■ Exercise description ■
Word for word, reproduce the listing that follows, excluding any pictures it contains.
╭─ Stored data
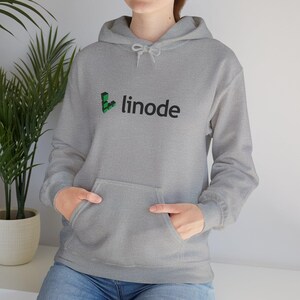 Könnte beinhalten: Ein graumelierter Kapuzenpullover mit einer Kängurutasche auf der Vorderseite und langen Ärmeln. Auf der Brust befindet sich ein grünes geometrisches Logo, gefolgt von dem schwarzen Schriftzug linode. Der Hoodie hat eine passende graue Kordel.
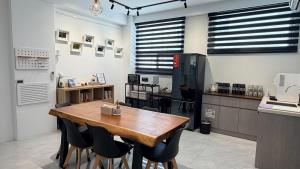 a kitchen with a wooden table and black chairs at 台東靜巷19號民宿編號1901 in Taitung City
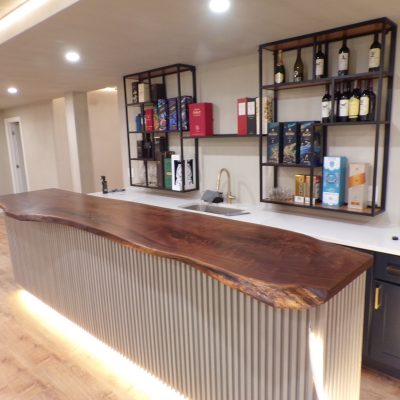 Bartop: 12' x 24-30" live edge black walnut bar top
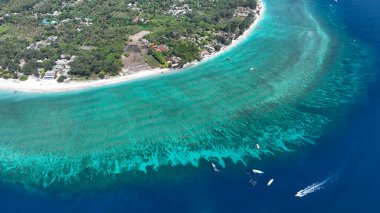 Sığ resifler ve derin mavi sularla çevrili bir mercan adası anteni..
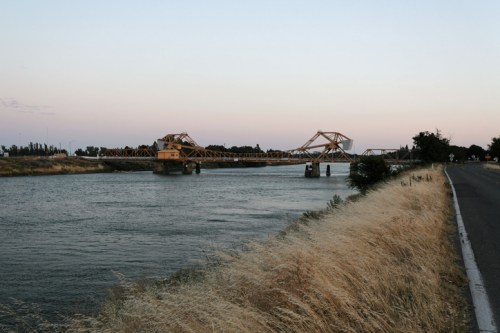 A wooden bridge spans a river at dusk, with dry grass lining the riverbank and a road nearby.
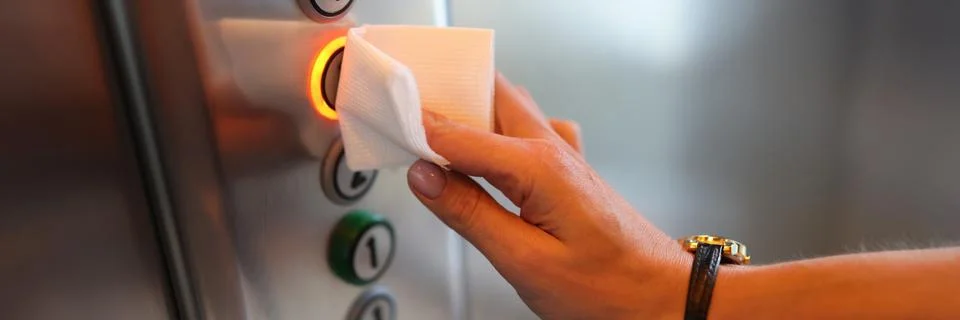 Female hand presses button in elevator through napkin. Foto stock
╰─
■ Response below ■
 Könnte beinhalten: Ein graumelierter Kapuzenpullover mit einer Kängurutasche auf der Vorderseite und langen Ärmeln. Auf der Brust befindet sich ein grünes geometrisches Logo, gefolgt von dem schwarzen Schriftzug linode. Der Hoodie hat eine passende graue Kordel.
 a kitchen with a wooden table and black chairs at 台東靜巷19號民宿編號1901 in Taitung City
 Bartop: 12' x 24-30" live edge black walnut bar top
 Sığ resifler ve derin mavi sularla çevrili bir mercan adası anteni..
 A wooden bridge spans a river at dusk, with dry grass lining the riverbank and a road nearby.
 Female hand presses button in elevator through napkin. Foto stock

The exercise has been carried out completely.